Our business is
extremely important, but so is our will to improve. I have studied a lot of business
cases that consistently connects innovation to possibility. All business cases
suggested that business has to keep improving, until 99 percent of mistakes are
eliminated. The main point and end-result of innovation is producing or solving
something.
The foundation
to problem solution has always been quenching a quest for something. When you
innovate, you are on the quest for improving something. It can be about almost
anything innovative. Leonardo Da Vinci has a comprehensive perspective on it. He
clarified that there has to be a quest for continuous learning. This is what
you becomes, when you are running a business.
You’d have a
quest for learning, until you reach a point where you are an expert in your
field. Even then, you are still learning, because you’d like to expand the
business. Do not forget the people you add when expanding, and dealing with
people is a very complex topic. When you expand, new challenges emerge, and
you’d be learning new things.
The main reason
we study business cases is to learn from people’s mistakes.

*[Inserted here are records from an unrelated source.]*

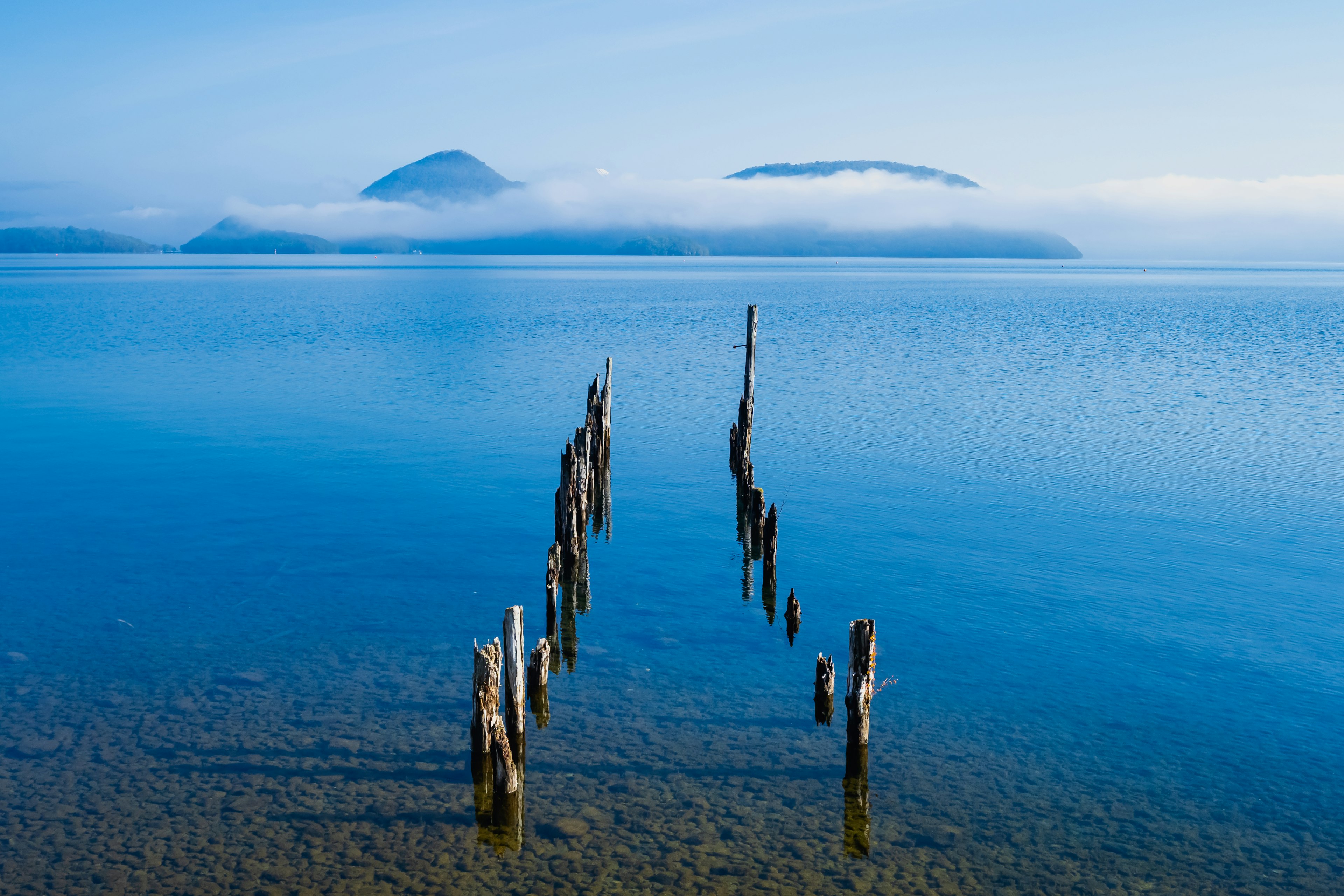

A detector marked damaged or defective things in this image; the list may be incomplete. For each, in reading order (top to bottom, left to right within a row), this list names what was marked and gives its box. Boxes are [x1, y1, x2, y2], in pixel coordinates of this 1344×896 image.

broken post stump [763, 505, 785, 596]
broken post stump [785, 588, 801, 645]
broken post stump [812, 653, 833, 730]
broken post stump [844, 621, 876, 747]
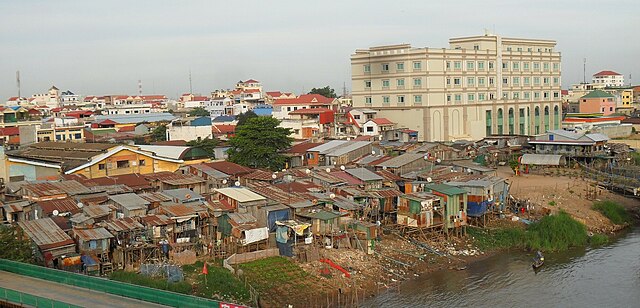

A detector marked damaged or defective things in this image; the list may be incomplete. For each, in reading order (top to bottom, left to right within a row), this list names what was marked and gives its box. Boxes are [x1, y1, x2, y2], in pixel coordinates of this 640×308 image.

rusty metal roof [17, 217, 75, 250]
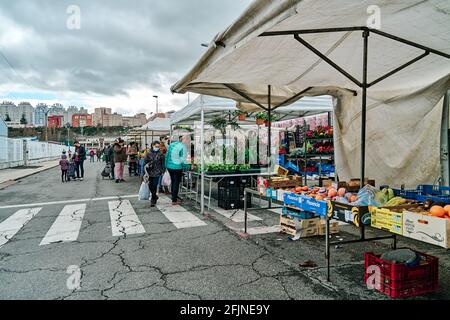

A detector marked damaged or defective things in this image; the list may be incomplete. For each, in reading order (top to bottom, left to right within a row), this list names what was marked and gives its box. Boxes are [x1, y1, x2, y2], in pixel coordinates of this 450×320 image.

cracked pavement [0, 162, 450, 300]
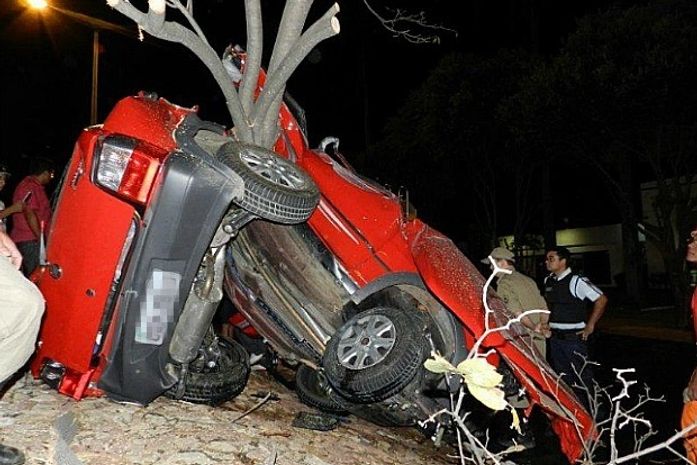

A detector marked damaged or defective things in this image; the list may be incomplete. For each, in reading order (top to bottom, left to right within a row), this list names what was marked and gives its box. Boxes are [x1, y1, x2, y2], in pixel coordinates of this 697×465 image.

crashed vehicle [28, 86, 592, 460]
wrecked red car [31, 85, 592, 458]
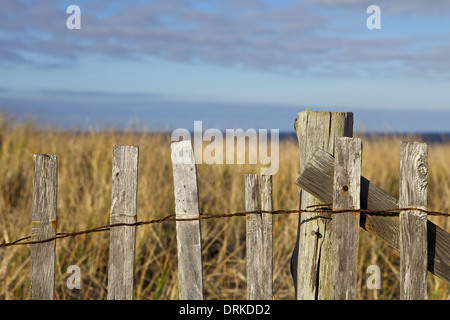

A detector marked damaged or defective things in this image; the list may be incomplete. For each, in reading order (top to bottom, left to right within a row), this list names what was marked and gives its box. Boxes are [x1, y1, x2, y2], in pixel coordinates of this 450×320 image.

rusty barbed wire [0, 206, 448, 249]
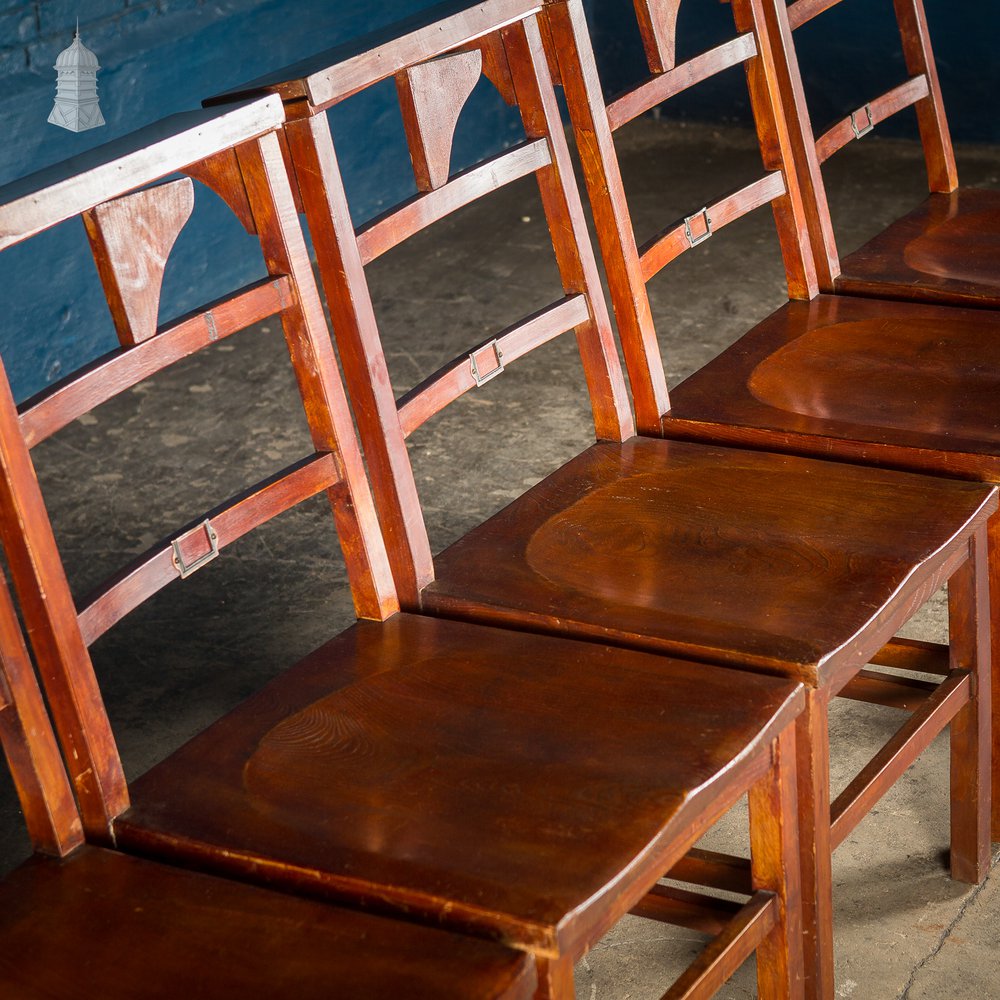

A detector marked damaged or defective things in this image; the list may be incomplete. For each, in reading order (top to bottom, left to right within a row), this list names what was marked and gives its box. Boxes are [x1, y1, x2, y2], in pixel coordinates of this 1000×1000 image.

floor crack [900, 844, 1000, 1000]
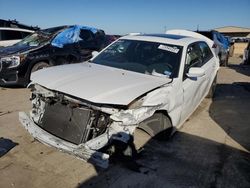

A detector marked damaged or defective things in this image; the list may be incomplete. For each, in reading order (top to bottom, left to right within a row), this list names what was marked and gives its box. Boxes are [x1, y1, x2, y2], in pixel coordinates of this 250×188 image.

damaged car in background [0, 24, 105, 86]
detached bumper part [19, 111, 109, 167]
smashed front end [19, 83, 145, 167]
crumpled hood [31, 62, 171, 105]
damaged car in background [19, 32, 219, 167]
damaged white car [19, 33, 219, 167]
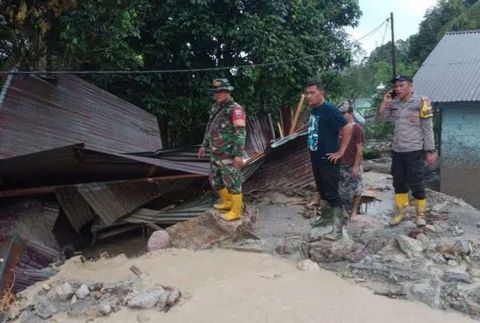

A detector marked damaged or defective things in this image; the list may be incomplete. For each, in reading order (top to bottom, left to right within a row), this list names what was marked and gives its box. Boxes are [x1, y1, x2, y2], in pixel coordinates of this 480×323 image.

rusty metal sheet [0, 73, 161, 159]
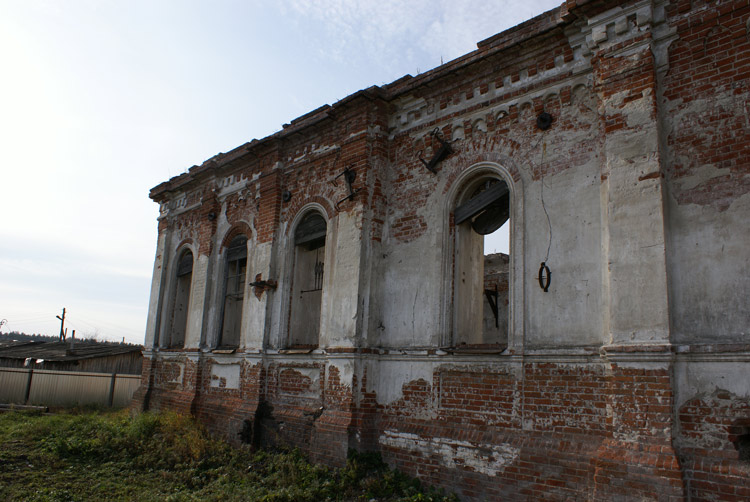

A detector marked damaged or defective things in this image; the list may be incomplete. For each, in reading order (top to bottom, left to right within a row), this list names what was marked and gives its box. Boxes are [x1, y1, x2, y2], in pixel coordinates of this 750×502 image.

broken window frame [217, 235, 250, 350]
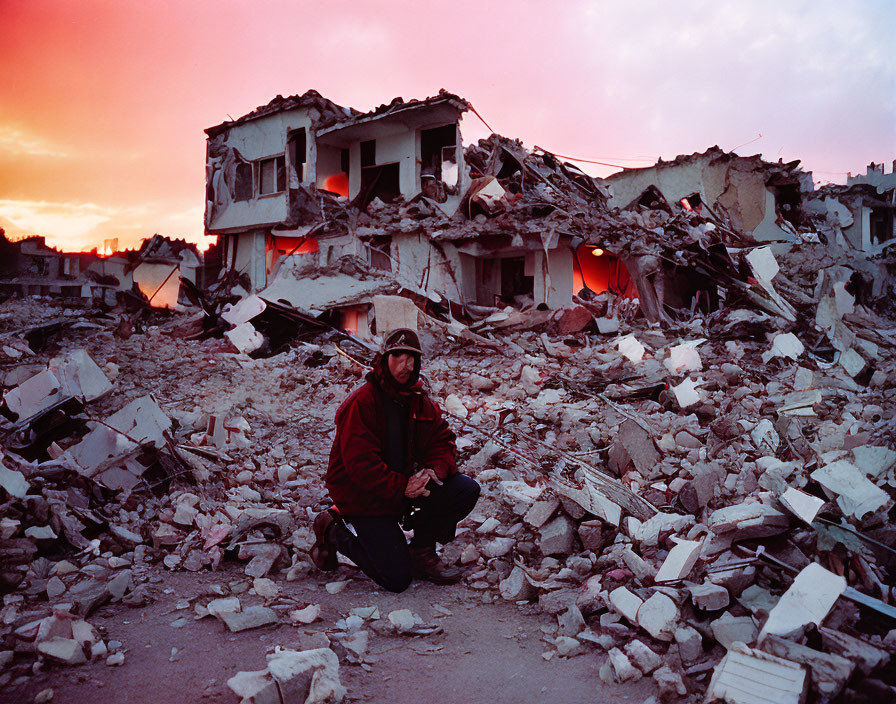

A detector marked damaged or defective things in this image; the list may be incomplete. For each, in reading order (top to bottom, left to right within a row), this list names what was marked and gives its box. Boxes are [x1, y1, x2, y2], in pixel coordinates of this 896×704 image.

Further, we wants
to learn from their success. We should try and avoid too-much-knowledge. As
you’d know, when we have too much knowledge about a particular subject, they
will most likely collide with one another, leaving you action paralyzed.
As Da Vinci
said, if we do not learn from our mistakes, we cannot improve the business or
product. Learning from mistakes are part of being innovative, and improving the
business. A glance at a potential opportunity could be what takes your business
to a new level. Pursuing opportunities are part of what makes innovation so
great. The only thing greater is scanning for it, because if you can’t see it,
you cannot pursue it.
It is an ability
that defines the capabilities of the business. One thing that scares people off
is ambiguity, because business is about embracing it. It does not matter how
many case studies we made, because we do not know if what works for other
businesses could work for your business. It is what makes ambiguity so
powerful, and best strategy against it is being dynamic. We’d have to find a
balance between our left and right brain.
We needs to know
how to balance the two, and then cultivate a style that was purposely meant for
expressing different ideas, and recognize the systems relationships. In
conclusion, our business needs something productive, something that seven principles
can achieve, according to Da Vinci. These seven are striving after consistent
learning, having the wiliness to learn from pass mistakes and having the
ability to scan for opportunities.
Further, we
needs to have the will to embrace ambiguous part of business, know how to
balance right and left brain perspectives, cultivate a style that can
simplifies how to express the ideas, and recognize the ‘systems’ relationships
for further exploration.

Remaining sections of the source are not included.